O empresário negou haver atritos com o BNDES, mas reconheceu estar desapontado. “Nós discordamos da análise, mas resolvemos respeitar a decisão e cancelar a reorganização.” Os analistas do Deustche Bank, em relatório enviado para investidores, afirmam que “a decisão sinaliza que o relacionamento entre o BNDES, o segundo maior acionista da JBS, está fraturado, e assim deve permanecer até 2019, quando expira o atual acordo de acionistas.” Em nota, o BNDESPar informou que “vetou a operação porque não a considerou como a alternativa que melhor atende aos interesses da companhia e de seus acionistas.”

O comunicado acrescenta ainda que “a reorganização proposta, ao prever a transferência da propriedade de ativos que representam aproximadamente 85% da geração do caixa operacional da JBS para uma companhia estrangeira, implicaria na desnacionalização da empresa e alteraria substancialmente os direitos e deveres conferidos a todos os acionistas, com repercussões de diversas naturezas, e submetendo-os a legislação e jurisdição estrangeiras.” Em maio deste ano, o presidente Michel Temer indicou Maria Silvia Bastos para comandar o BNDES.

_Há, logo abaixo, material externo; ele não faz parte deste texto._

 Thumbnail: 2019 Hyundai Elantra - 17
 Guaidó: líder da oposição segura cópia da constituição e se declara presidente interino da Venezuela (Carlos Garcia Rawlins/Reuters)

Ela, por sua vez, fez mudanças nas diretorias e nos processos, a partir de junho. A JBS não ficou à margem das alterações de Maria Silvia. “Houve mudança do conselheiro e da equipe de analistas que acompanha a JBS”, afirmou Wesley, na teleconferência. Na reunião do conselho em que o BNDESPar deu o aval à reorganização, o conselheiro era João Carlos Ferraz. Mas, em agosto, ele foi substituído por Claudia Azeredo Santos. Ao final da nota, a BNDESPar reiterou “seu total apoio à JBS” e afirmou “permanecer aberta para avaliar outras alternativas de reorganização societária que venham a ser apresentadas pela companhia.”

Para Adeodato Netto, da empresa de informações financeiras independente Eleven Financial, a JBS pode ter dificuldade para manter sua fatia no mercado local. “No começo do ano, a JBS aproveitou o momento delicado da BRF, impactada pela alta do preço do milho e pelo reajuste de preços, para ganhar participação. O problema é que, com isso, ela esgotou sua capacidade de produção e teria que abrir novas plantas ou fazer aquisições para manter esse market share, e isso leva tempo.” Soma-se a isso, o fato de que, ao relançar a marca Perdigão, em 2015, a BRF colocou a marca de alimentos processados para competir em preço com a Seara, da JBS. “A BRF passou a estipular os preços porque tem duas marcas: a Sadia, com um posicionamento mais elevado, e a Perdigão, mais acessível.”